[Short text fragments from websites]
==================================================

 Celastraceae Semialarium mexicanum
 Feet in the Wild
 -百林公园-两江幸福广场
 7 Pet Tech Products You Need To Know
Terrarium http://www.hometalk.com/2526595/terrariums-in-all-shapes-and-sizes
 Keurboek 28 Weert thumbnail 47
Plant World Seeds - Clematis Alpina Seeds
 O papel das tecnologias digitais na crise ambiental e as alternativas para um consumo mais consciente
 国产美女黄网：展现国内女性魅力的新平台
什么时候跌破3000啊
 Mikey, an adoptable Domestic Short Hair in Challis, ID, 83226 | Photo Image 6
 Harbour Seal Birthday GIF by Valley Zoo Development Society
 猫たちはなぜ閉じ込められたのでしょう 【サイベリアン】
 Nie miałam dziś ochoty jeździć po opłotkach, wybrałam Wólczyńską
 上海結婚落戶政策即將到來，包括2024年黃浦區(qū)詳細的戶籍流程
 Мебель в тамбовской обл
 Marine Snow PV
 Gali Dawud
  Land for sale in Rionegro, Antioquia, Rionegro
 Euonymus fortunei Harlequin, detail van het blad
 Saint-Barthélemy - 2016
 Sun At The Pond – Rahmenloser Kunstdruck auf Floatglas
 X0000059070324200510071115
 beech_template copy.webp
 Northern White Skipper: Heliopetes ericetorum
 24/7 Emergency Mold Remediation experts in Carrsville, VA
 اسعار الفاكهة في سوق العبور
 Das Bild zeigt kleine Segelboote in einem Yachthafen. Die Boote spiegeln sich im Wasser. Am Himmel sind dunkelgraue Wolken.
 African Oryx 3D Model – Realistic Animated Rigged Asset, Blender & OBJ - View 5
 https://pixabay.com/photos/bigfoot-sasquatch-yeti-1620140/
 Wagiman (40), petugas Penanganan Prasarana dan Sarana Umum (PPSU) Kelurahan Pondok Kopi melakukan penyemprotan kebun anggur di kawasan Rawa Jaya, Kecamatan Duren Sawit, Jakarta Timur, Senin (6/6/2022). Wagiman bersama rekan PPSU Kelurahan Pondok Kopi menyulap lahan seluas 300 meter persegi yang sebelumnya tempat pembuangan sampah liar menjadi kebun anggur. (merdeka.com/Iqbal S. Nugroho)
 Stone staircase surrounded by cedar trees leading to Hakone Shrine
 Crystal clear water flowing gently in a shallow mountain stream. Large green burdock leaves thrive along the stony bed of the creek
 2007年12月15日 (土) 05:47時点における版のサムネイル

==================================================

#### [Directions]
Now write the data shown above out again, word for word.

#### [Expected answer]
 Celastraceae Semialarium mexicanum
 Feet in the Wild
 -百林公园-两江幸福广场
 7 Pet Tech Products You Need To Know
Terrarium http://www.hometalk.com/2526595/terrariums-in-all-shapes-and-sizes
 Keurboek 28 Weert thumbnail 47
Plant World Seeds - Clematis Alpina Seeds
 O papel das tecnologias digitais na crise ambiental e as alternativas para um consumo mais consciente
 国产美女黄网：展现国内女性魅力的新平台
什么时候跌破3000啊
 Mikey, an adoptable Domestic Short Hair in Challis, ID, 83226 | Photo Image 6
 Harbour Seal Birthday GIF by Valley Zoo Development Society
 猫たちはなぜ閉じ込められたのでしょう 【サイベリアン】
 Nie miałam dziś ochoty jeździć po opłotkach, wybrałam Wólczyńską
 上海結婚落戶政策即將到來，包括2024年黃浦區(qū)詳細的戶籍流程
 Мебель в тамбовской обл
 Marine Snow PV
 Gali Dawud
  Land for sale in Rionegro, Antioquia, Rionegro
 Euonymus fortunei Harlequin, detail van het blad
 Saint-Barthélemy - 2016
 Sun At The Pond – Rahmenloser Kunstdruck auf Floatglas
 X0000059070324200510071115
 beech_template copy.webp
 Northern White Skipper: Heliopetes ericetorum
 24/7 Emergency Mold Remediation experts in Carrsville, VA
 اسعار الفاكهة في سوق العبور
 Das Bild zeigt kleine Segelboote in einem Yachthafen. Die Boote spiegeln sich im Wasser. Am Himmel sind dunkelgraue Wolken.
 African Oryx 3D Model – Realistic Animated Rigged Asset, Blender & OBJ - View 5
 https://pixabay.com/photos/bigfoot-sasquatch-yeti-1620140/
 Wagiman (40), petugas Penanganan Prasarana dan Sarana Umum (PPSU) Kelurahan Pondok Kopi melakukan penyemprotan kebun anggur di kawasan Rawa Jaya, Kecamatan Duren Sawit, Jakarta Timur, Senin (6/6/2022). Wagiman bersama rekan PPSU Kelurahan Pondok Kopi menyulap lahan seluas 300 meter persegi yang sebelumnya tempat pembuangan sampah liar menjadi kebun anggur. (merdeka.com/Iqbal S. Nugroho)
 Stone staircase surrounded by cedar trees leading to Hakone Shrine
 Crystal clear water flowing gently in a shallow mountain stream. Large green burdock leaves thrive along the stony bed of the creek
 2007年12月15日 (土) 05:47時点における版のサムネイル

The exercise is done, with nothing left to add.